**Work item:** Without changing a character, output all of the records.

**Listed entries:**
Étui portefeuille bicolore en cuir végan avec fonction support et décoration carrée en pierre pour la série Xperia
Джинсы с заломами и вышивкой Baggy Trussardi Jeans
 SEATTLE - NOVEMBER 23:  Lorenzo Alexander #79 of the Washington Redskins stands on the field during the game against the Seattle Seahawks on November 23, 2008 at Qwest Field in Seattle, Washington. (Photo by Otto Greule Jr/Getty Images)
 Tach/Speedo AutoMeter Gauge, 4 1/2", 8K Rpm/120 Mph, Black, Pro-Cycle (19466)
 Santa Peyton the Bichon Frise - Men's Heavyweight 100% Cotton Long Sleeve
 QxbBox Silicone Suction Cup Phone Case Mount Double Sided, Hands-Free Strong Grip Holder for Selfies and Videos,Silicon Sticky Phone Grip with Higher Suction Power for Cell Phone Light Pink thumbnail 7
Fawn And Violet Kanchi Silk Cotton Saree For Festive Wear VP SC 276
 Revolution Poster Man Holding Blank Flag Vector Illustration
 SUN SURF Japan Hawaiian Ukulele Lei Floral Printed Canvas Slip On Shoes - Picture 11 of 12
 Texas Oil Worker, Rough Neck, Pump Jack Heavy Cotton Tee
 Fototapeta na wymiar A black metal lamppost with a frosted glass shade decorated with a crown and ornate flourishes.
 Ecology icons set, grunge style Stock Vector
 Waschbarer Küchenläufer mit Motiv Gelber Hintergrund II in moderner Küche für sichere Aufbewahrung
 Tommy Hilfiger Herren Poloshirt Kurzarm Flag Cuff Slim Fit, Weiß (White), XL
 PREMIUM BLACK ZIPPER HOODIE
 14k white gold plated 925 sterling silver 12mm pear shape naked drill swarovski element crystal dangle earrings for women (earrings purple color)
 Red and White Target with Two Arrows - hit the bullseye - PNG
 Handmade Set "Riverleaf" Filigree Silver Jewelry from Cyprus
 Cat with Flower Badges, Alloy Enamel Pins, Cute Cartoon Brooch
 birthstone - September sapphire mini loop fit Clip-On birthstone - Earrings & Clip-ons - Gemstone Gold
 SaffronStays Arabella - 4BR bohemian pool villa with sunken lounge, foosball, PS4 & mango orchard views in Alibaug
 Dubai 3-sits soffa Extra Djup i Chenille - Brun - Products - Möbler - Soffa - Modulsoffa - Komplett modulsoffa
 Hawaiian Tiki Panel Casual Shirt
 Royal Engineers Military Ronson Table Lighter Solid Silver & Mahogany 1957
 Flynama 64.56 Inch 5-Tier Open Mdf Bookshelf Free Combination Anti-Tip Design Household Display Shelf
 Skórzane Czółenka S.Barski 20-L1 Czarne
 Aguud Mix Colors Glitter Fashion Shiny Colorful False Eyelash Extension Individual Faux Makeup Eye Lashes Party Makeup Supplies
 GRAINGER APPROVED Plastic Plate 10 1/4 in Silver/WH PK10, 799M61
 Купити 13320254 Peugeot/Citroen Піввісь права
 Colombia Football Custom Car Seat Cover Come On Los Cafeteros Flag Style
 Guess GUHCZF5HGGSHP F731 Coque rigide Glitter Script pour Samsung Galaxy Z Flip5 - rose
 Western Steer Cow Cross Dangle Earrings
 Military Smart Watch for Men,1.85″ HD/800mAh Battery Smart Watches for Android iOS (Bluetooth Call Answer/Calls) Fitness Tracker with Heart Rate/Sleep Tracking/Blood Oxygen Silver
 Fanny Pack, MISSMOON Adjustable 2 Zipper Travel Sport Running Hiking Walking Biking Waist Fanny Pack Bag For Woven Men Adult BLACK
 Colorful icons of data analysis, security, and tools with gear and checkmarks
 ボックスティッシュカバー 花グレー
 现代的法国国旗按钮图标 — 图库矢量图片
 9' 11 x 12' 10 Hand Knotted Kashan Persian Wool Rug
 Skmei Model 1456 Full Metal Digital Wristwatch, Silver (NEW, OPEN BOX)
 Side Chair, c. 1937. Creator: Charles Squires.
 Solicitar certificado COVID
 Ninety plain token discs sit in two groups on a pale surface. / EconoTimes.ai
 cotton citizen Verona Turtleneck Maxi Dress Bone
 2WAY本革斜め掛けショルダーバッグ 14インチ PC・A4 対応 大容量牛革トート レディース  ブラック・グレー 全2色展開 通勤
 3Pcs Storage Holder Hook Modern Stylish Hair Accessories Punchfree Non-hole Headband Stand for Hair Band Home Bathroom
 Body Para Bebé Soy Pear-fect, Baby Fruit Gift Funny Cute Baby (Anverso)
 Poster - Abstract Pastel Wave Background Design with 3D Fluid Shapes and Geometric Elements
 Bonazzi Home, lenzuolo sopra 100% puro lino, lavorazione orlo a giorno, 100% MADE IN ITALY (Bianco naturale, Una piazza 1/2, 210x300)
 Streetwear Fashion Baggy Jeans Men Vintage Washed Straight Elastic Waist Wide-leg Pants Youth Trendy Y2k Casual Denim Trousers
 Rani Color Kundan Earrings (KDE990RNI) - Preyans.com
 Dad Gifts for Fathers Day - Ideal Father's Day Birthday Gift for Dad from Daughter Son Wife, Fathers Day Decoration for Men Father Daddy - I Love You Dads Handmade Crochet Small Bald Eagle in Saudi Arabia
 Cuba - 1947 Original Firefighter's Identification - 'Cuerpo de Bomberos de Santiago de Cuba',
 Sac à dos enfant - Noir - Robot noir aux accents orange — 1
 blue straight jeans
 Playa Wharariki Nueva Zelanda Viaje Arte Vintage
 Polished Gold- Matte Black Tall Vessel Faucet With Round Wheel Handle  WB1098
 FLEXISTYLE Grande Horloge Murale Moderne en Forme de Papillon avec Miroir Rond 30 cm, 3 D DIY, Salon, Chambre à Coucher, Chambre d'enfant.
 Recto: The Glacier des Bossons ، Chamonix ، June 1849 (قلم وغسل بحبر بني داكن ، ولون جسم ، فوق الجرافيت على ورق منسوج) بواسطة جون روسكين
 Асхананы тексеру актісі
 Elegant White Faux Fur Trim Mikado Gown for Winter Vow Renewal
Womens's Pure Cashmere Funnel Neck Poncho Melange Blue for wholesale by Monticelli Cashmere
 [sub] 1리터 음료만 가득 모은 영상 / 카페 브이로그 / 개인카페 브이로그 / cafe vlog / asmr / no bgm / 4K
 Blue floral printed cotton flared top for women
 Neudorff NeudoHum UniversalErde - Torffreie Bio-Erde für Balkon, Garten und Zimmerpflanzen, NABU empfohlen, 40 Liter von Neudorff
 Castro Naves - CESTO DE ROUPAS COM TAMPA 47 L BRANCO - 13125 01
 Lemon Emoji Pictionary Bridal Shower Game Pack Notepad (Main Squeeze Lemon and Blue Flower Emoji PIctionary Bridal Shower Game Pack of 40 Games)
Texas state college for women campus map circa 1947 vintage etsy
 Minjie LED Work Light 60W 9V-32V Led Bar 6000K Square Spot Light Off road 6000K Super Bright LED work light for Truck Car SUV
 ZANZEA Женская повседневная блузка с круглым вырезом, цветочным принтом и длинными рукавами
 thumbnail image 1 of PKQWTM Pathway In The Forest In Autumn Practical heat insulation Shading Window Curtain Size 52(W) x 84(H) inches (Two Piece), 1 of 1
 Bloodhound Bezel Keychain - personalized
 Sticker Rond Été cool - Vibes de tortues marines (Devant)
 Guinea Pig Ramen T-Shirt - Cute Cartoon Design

**Task answer:**
Étui portefeuille bicolore en cuir végan avec fonction support et décoration carrée en pierre pour la série Xperia
Джинсы с заломами и вышивкой Baggy Trussardi Jeans
 SEATTLE - NOVEMBER 23:  Lorenzo Alexander #79 of the Washington Redskins stands on the field during the game against the Seattle Seahawks on November 23, 2008 at Qwest Field in Seattle, Washington. (Photo by Otto Greule Jr/Getty Images)
 Tach/Speedo AutoMeter Gauge, 4 1/2", 8K Rpm/120 Mph, Black, Pro-Cycle (19466)
 Santa Peyton the Bichon Frise - Men's Heavyweight 100% Cotton Long Sleeve
 QxbBox Silicone Suction Cup Phone Case Mount Double Sided, Hands-Free Strong Grip Holder for Selfies and Videos,Silicon Sticky Phone Grip with Higher Suction Power for Cell Phone Light Pink thumbnail 7
Fawn And Violet Kanchi Silk Cotton Saree For Festive Wear VP SC 276
 Revolution Poster Man Holding Blank Flag Vector Illustration
 SUN SURF Japan Hawaiian Ukulele Lei Floral Printed Canvas Slip On Shoes - Picture 11 of 12
 Texas Oil Worker, Rough Neck, Pump Jack Heavy Cotton Tee
 Fototapeta na wymiar A black metal lamppost with a frosted glass shade decorated with a crown and ornate flourishes.
 Ecology icons set, grunge style Stock Vector
 Waschbarer Küchenläufer mit Motiv Gelber Hintergrund II in moderner Küche für sichere Aufbewahrung
 Tommy Hilfiger Herren Poloshirt Kurzarm Flag Cuff Slim Fit, Weiß (White), XL
 PREMIUM BLACK ZIPPER HOODIE
 14k white gold plated 925 sterling silver 12mm pear shape naked drill swarovski element crystal dangle earrings for women (earrings purple color)
 Red and White Target with Two Arrows - hit the bullseye - PNG
 Handmade Set "Riverleaf" Filigree Silver Jewelry from Cyprus
 Cat with Flower Badges, Alloy Enamel Pins, Cute Cartoon Brooch
 birthstone - September sapphire mini loop fit Clip-On birthstone - Earrings & Clip-ons - Gemstone Gold
 SaffronStays Arabella - 4BR bohemian pool villa with sunken lounge, foosball, PS4 & mango orchard views in Alibaug
 Dubai 3-sits soffa Extra Djup i Chenille - Brun - Products - Möbler - Soffa - Modulsoffa - Komplett modulsoffa
 Hawaiian Tiki Panel Casual Shirt
 Royal Engineers Military Ronson Table Lighter Solid Silver & Mahogany 1957
 Flynama 64.56 Inch 5-Tier Open Mdf Bookshelf Free Combination Anti-Tip Design Household Display Shelf
 Skórzane Czółenka S.Barski 20-L1 Czarne
 Aguud Mix Colors Glitter Fashion Shiny Colorful False Eyelash Extension Individual Faux Makeup Eye Lashes Party Makeup Supplies
 GRAINGER APPROVED Plastic Plate 10 1/4 in Silver/WH PK10, 799M61
 Купити 13320254 Peugeot/Citroen Піввісь права
 Colombia Football Custom Car Seat Cover Come On Los Cafeteros Flag Style
 Guess GUHCZF5HGGSHP F731 Coque rigide Glitter Script pour Samsung Galaxy Z Flip5 - rose
 Western Steer Cow Cross Dangle Earrings
 Military Smart Watch for Men,1.85″ HD/800mAh Battery Smart Watches for Android iOS (Bluetooth Call Answer/Calls) Fitness Tracker with Heart Rate/Sleep Tracking/Blood Oxygen Silver
 Fanny Pack, MISSMOON Adjustable 2 Zipper Travel Sport Running Hiking Walking Biking Waist Fanny Pack Bag For Woven Men Adult BLACK
 Colorful icons of data analysis, security, and tools with gear and checkmarks
 ボックスティッシュカバー 花グレー
 现代的法国国旗按钮图标 — 图库矢量图片
 9' 11 x 12' 10 Hand Knotted Kashan Persian Wool Rug
 Skmei Model 1456 Full Metal Digital Wristwatch, Silver (NEW, OPEN BOX)
 Side Chair, c. 1937. Creator: Charles Squires.
 Solicitar certificado COVID
 Ninety plain token discs sit in two groups on a pale surface. / EconoTimes.ai
 cotton citizen Verona Turtleneck Maxi Dress Bone
 2WAY本革斜め掛けショルダーバッグ 14インチ PC・A4 対応 大容量牛革トート レディース  ブラック・グレー 全2色展開 通勤
 3Pcs Storage Holder Hook Modern Stylish Hair Accessories Punchfree Non-hole Headband Stand for Hair Band Home Bathroom
 Body Para Bebé Soy Pear-fect, Baby Fruit Gift Funny Cute Baby (Anverso)
 Poster - Abstract Pastel Wave Background Design with 3D Fluid Shapes and Geometric Elements
 Bonazzi Home, lenzuolo sopra 100% puro lino, lavorazione orlo a giorno, 100% MADE IN ITALY (Bianco naturale, Una piazza 1/2, 210x300)
 Streetwear Fashion Baggy Jeans Men Vintage Washed Straight Elastic Waist Wide-leg Pants Youth Trendy Y2k Casual Denim Trousers
 Rani Color Kundan Earrings (KDE990RNI) - Preyans.com
 Dad Gifts for Fathers Day - Ideal Father's Day Birthday Gift for Dad from Daughter Son Wife, Fathers Day Decoration for Men Father Daddy - I Love You Dads Handmade Crochet Small Bald Eagle in Saudi Arabia
 Cuba - 1947 Original Firefighter's Identification - 'Cuerpo de Bomberos de Santiago de Cuba',
 Sac à dos enfant - Noir - Robot noir aux accents orange — 1
 blue straight jeans
 Playa Wharariki Nueva Zelanda Viaje Arte Vintage
 Polished Gold- Matte Black Tall Vessel Faucet With Round Wheel Handle  WB1098
 FLEXISTYLE Grande Horloge Murale Moderne en Forme de Papillon avec Miroir Rond 30 cm, 3 D DIY, Salon, Chambre à Coucher, Chambre d'enfant.
 Recto: The Glacier des Bossons ، Chamonix ، June 1849 (قلم وغسل بحبر بني داكن ، ولون جسم ، فوق الجرافيت على ورق منسوج) بواسطة جون روسكين
 Асхананы тексеру актісі
 Elegant White Faux Fur Trim Mikado Gown for Winter Vow Renewal
Womens's Pure Cashmere Funnel Neck Poncho Melange Blue for wholesale by Monticelli Cashmere
 [sub] 1리터 음료만 가득 모은 영상 / 카페 브이로그 / 개인카페 브이로그 / cafe vlog / asmr / no bgm / 4K
 Blue floral printed cotton flared top for women
 Neudorff NeudoHum UniversalErde - Torffreie Bio-Erde für Balkon, Garten und Zimmerpflanzen, NABU empfohlen, 40 Liter von Neudorff
 Castro Naves - CESTO DE ROUPAS COM TAMPA 47 L BRANCO - 13125 01
 Lemon Emoji Pictionary Bridal Shower Game Pack Notepad (Main Squeeze Lemon and Blue Flower Emoji PIctionary Bridal Shower Game Pack of 40 Games)
Texas state college for women campus map circa 1947 vintage etsy
 Minjie LED Work Light 60W 9V-32V Led Bar 6000K Square Spot Light Off road 6000K Super Bright LED work light for Truck Car SUV
 ZANZEA Женская повседневная блузка с круглым вырезом, цветочным принтом и длинными рукавами
 thumbnail image 1 of PKQWTM Pathway In The Forest In Autumn Practical heat insulation Shading Window Curtain Size 52(W) x 84(H) inches (Two Piece), 1 of 1
 Bloodhound Bezel Keychain - personalized
 Sticker Rond Été cool - Vibes de tortues marines (Devant)
 Guinea Pig Ramen T-Shirt - Cute Cartoon Design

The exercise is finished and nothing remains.